Eso podría ser precisamente lo que algunos de los socios de Somalia, como Egipto y Eritrea, quieren que suceda, ya que sus estrategias regionales se basan en contener a Etiopía, lo que podría llevarse a cabo en este contexto por medios indirectos a través de las Fuerzas Armadas del Sudán y/o los AS, que lucharían contra Etiopía. al último somalí en su nombre. Otros, como el cercano socio militar turco de Etiopía, podrían enviar armas a Somalia, donde tiene su mayor base extranjera , con la intención sinceramente inocente de que se utilicen para operaciones antiterroristas.
La mejor manera para que Turkiye y aquellos como él mantengan sus complicados actos de equilibrio etíope-somalí es que los próximos envíos de armas estén condicionados a estrictos acuerdos de usuario final que evitarían empeorar inadvertidamente el dilema de seguridad regional.

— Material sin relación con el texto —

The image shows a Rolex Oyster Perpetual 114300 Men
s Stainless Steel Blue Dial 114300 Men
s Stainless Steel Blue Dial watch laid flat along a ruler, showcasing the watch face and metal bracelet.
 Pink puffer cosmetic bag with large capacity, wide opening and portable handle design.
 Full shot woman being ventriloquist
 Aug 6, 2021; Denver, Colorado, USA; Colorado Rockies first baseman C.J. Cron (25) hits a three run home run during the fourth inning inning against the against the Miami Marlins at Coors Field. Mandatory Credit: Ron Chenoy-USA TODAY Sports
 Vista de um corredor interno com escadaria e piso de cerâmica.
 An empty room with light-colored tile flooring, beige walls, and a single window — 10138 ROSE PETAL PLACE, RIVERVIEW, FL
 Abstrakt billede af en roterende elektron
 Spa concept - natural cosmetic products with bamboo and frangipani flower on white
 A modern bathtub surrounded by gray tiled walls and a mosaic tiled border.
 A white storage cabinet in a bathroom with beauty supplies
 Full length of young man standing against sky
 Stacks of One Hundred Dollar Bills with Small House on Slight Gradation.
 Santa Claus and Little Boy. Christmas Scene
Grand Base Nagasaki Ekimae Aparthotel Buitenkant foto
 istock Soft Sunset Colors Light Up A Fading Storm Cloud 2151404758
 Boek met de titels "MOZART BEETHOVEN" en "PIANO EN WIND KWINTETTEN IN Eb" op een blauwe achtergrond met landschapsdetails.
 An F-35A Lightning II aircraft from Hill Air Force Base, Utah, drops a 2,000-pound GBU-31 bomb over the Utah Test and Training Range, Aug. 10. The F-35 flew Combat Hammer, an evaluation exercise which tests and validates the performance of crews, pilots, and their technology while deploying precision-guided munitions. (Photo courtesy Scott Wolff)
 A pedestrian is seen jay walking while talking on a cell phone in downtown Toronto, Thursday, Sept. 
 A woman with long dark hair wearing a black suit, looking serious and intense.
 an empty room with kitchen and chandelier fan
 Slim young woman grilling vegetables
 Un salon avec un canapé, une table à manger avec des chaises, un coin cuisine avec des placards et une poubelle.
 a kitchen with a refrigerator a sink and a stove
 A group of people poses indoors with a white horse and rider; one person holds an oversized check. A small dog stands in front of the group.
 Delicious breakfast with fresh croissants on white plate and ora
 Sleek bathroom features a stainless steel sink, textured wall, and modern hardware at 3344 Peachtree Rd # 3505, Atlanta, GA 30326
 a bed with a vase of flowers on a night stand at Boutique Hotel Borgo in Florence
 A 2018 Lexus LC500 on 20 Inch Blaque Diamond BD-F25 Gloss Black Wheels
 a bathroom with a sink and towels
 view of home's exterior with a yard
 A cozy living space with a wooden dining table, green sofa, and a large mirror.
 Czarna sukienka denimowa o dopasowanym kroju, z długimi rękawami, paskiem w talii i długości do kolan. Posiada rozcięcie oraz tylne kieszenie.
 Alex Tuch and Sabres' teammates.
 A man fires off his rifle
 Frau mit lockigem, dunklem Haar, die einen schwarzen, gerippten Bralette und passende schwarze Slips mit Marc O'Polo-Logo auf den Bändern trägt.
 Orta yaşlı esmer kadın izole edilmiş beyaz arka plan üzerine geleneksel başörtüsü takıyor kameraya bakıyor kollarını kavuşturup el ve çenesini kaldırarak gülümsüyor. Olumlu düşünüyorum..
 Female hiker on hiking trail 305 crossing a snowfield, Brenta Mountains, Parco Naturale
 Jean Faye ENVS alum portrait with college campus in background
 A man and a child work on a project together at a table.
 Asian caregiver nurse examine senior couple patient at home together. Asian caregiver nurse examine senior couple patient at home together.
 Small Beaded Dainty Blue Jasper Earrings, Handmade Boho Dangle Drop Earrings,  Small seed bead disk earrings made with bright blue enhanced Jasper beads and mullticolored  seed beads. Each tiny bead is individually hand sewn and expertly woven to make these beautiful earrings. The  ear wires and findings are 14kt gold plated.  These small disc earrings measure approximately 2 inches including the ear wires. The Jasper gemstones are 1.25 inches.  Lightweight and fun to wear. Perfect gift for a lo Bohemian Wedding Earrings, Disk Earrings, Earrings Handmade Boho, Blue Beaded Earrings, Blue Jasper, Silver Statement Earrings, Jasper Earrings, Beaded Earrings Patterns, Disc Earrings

Siguiendo el precedente estadounidense-paquistaní, se podría estipular que todas o algunas de las armas sólo puedan usarse para operaciones antiterroristas, aunque eso no significa que Somalia cumplirá tal como supuestamente no lo hizo Pakistán sin fuertes mecanismos de verificación.
Ahí radica la importancia de que los socios de Somalia asuman responsabilidad ante esta cuestión condicionando los envíos de armas a estrictos acuerdos de usuario final con fuertes mecanismos de verificación si tienen sinceramente intenciones inocentes de armar a ese país. Negarse a hacerlo podría desestabilizar aún más la región como se explicó y también expondría sus motivos ocultos, aunque aquellos que los tienen podrían realizar estas mociones para encubrir sus planes, pero es posible que tampoco quieran ocultarlos.
Sin embargo, el punto es que el envío de armas al FGS en el contexto de sus últimas tensiones con Etiopía y los nuevos intereses convergentes con AS vis-à-vis ese país sin estos acuerdos de usuario final y mecanismos de verificación en vigor aumenta el riesgo de una guerra regional. guerra. Aquellos que sinceramente no albergan tales intenciones deberían implementar estas políticas para preservar la paz regional, mantener sus complicados actos de equilibrio etíope-somalí y reducir las posibilidades de que AS siga los pasos de los talibanes hacia el poder.